Task inputs Block Start

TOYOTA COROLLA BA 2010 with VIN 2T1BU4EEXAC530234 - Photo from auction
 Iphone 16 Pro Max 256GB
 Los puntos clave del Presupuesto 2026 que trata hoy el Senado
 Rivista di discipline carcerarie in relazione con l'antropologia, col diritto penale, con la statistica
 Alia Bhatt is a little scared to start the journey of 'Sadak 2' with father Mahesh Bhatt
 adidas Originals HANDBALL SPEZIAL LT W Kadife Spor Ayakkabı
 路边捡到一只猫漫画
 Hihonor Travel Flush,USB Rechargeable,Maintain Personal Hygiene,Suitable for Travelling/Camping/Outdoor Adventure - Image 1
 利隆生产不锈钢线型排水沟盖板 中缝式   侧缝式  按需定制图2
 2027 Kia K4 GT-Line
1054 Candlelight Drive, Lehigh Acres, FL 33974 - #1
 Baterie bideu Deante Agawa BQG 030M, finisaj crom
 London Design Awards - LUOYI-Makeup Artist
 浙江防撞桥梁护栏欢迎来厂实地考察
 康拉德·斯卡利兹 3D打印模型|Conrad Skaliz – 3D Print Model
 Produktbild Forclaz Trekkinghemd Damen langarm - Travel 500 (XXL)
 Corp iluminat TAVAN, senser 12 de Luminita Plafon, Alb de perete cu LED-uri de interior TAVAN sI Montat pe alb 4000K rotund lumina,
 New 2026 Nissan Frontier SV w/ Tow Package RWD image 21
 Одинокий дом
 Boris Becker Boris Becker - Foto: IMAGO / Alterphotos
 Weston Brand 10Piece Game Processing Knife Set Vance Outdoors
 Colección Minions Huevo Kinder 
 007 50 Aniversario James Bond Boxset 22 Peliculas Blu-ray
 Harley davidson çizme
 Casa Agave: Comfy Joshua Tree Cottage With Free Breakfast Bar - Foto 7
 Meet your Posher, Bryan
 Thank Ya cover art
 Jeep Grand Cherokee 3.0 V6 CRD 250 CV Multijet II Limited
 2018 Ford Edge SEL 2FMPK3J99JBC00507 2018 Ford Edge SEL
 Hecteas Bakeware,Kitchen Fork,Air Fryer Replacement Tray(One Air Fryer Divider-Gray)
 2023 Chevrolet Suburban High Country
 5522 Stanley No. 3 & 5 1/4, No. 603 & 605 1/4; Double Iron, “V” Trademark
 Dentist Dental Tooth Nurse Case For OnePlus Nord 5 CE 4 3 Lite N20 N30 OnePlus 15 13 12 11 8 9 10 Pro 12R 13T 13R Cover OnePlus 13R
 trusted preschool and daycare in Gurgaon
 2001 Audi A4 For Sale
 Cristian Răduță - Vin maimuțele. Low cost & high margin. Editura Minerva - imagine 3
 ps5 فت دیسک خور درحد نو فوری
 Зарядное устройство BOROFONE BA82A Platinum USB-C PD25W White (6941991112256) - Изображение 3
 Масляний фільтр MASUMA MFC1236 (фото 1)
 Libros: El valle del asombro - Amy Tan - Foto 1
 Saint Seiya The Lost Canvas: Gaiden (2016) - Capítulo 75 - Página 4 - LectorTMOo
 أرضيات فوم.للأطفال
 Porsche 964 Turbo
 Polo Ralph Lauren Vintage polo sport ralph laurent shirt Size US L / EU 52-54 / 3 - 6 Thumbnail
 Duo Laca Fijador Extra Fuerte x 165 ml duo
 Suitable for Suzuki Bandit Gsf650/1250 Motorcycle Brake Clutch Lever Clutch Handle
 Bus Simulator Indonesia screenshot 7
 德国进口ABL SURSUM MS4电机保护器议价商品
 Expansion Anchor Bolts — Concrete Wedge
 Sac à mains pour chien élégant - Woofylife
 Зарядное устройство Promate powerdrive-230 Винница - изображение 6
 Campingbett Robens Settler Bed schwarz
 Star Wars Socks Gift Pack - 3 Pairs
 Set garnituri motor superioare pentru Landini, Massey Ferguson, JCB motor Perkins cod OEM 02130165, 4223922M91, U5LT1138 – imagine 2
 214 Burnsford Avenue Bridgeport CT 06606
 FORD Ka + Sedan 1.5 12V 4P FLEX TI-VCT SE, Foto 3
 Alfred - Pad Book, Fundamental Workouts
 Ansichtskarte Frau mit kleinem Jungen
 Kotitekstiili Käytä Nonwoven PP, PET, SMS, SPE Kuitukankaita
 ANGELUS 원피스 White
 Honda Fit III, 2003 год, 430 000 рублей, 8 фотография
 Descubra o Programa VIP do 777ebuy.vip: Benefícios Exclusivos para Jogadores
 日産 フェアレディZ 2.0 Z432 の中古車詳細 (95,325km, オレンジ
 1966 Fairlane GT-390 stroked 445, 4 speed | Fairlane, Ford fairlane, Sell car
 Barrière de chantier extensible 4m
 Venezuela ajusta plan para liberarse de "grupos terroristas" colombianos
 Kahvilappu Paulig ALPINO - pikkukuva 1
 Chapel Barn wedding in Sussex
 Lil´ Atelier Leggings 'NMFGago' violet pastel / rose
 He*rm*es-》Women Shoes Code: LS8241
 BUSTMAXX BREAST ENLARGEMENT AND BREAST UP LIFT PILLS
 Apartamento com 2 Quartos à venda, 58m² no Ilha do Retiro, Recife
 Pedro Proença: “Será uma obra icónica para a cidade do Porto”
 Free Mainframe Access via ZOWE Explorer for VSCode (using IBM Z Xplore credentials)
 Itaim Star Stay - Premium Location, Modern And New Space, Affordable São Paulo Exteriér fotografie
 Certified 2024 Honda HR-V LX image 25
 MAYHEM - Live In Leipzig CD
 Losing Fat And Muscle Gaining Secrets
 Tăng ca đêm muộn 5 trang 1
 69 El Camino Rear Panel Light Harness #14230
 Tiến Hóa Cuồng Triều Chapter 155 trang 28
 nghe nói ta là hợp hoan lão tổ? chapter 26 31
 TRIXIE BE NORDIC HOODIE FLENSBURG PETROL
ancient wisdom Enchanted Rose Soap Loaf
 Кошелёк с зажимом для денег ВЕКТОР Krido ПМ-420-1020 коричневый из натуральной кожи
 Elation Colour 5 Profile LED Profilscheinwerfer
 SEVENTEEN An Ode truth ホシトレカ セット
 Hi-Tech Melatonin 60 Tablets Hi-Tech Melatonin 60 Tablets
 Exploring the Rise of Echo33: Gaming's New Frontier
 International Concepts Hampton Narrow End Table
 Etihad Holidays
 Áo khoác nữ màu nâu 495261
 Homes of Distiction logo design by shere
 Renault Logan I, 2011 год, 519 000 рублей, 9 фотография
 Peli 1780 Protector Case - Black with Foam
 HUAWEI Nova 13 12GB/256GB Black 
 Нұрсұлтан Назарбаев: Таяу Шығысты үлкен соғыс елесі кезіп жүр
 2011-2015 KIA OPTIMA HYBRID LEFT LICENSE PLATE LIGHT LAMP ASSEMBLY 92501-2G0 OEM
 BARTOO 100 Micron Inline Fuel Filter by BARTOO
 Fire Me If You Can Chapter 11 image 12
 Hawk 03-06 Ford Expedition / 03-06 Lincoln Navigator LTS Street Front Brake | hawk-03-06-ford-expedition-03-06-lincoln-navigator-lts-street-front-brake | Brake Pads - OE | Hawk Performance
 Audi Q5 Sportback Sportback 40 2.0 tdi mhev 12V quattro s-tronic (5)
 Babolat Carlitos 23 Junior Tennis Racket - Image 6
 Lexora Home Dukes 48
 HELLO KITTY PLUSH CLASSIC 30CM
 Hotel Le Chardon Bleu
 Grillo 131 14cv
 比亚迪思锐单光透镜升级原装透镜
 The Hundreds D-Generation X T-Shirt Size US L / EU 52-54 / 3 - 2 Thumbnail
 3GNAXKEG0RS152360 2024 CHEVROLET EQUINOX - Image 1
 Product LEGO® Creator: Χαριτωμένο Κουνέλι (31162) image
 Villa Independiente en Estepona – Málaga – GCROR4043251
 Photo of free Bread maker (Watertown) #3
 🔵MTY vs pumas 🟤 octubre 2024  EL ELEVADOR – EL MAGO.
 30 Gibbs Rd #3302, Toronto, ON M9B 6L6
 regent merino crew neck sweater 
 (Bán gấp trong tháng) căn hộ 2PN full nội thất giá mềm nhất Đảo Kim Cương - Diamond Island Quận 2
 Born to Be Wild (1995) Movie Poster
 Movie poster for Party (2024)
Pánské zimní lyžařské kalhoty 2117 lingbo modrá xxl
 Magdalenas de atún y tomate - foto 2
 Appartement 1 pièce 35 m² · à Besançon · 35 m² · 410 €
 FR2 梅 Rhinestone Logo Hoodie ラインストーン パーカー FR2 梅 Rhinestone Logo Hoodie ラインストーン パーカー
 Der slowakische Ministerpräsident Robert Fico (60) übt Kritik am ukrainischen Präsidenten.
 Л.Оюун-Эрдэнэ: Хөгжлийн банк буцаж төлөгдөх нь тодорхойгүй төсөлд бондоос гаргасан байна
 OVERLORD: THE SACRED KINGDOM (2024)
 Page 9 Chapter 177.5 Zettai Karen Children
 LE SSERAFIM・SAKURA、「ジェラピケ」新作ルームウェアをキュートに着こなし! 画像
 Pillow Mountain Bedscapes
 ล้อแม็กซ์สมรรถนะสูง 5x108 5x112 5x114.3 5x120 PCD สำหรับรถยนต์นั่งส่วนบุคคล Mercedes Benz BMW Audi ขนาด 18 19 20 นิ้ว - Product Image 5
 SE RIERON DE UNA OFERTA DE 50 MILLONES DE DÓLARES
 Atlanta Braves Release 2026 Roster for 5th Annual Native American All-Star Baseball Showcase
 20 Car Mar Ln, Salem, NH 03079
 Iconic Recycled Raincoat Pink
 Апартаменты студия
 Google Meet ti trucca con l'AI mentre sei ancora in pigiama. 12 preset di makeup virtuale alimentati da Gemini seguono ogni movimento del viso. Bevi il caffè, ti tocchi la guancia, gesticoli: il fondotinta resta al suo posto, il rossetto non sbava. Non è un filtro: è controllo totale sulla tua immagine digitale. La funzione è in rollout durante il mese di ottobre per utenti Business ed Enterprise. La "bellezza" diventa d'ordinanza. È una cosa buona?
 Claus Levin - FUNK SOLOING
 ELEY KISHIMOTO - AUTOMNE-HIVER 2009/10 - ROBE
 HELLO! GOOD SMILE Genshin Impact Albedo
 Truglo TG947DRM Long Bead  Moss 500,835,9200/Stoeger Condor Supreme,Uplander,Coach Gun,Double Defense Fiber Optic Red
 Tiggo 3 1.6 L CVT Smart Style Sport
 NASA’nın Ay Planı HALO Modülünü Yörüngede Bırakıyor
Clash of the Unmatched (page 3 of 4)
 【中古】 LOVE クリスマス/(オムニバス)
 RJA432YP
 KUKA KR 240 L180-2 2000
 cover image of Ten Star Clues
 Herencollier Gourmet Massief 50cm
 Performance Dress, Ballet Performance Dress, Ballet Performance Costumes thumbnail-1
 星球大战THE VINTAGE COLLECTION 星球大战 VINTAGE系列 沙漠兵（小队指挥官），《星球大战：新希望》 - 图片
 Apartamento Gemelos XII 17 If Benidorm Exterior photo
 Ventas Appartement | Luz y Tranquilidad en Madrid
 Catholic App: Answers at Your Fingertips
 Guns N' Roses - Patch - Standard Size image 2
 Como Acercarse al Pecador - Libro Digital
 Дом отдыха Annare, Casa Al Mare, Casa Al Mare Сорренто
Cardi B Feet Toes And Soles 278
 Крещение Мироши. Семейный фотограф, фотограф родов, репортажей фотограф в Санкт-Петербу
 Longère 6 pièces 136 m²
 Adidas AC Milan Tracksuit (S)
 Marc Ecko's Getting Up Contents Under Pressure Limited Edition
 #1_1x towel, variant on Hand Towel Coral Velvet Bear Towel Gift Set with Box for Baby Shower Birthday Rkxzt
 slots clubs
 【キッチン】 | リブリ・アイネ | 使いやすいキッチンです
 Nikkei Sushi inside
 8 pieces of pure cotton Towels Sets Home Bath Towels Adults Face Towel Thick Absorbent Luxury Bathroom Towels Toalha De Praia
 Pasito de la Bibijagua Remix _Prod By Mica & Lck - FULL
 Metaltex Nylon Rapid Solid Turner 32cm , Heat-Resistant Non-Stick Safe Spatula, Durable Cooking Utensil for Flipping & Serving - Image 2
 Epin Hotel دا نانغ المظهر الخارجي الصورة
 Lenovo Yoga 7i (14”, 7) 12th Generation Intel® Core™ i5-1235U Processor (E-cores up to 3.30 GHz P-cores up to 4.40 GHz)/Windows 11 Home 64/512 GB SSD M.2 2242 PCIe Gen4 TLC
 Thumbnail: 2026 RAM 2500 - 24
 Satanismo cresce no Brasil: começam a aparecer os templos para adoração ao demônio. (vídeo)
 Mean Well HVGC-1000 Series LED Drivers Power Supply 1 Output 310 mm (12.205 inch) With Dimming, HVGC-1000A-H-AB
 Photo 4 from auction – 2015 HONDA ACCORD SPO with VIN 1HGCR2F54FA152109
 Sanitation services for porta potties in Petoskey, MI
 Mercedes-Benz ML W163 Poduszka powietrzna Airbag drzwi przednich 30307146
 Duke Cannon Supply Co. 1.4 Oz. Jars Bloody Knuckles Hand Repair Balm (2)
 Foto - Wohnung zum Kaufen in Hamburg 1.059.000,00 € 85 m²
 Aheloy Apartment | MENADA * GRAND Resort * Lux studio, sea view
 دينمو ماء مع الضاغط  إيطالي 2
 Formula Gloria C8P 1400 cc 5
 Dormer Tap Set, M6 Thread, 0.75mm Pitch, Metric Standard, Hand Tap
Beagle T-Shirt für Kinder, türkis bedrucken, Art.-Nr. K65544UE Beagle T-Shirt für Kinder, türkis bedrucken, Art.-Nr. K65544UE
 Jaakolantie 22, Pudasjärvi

Task inputs Block End

| Work instructions |
The answer must be a single number: the count of lines in the entries above that contain "auction".

| Answer space |
2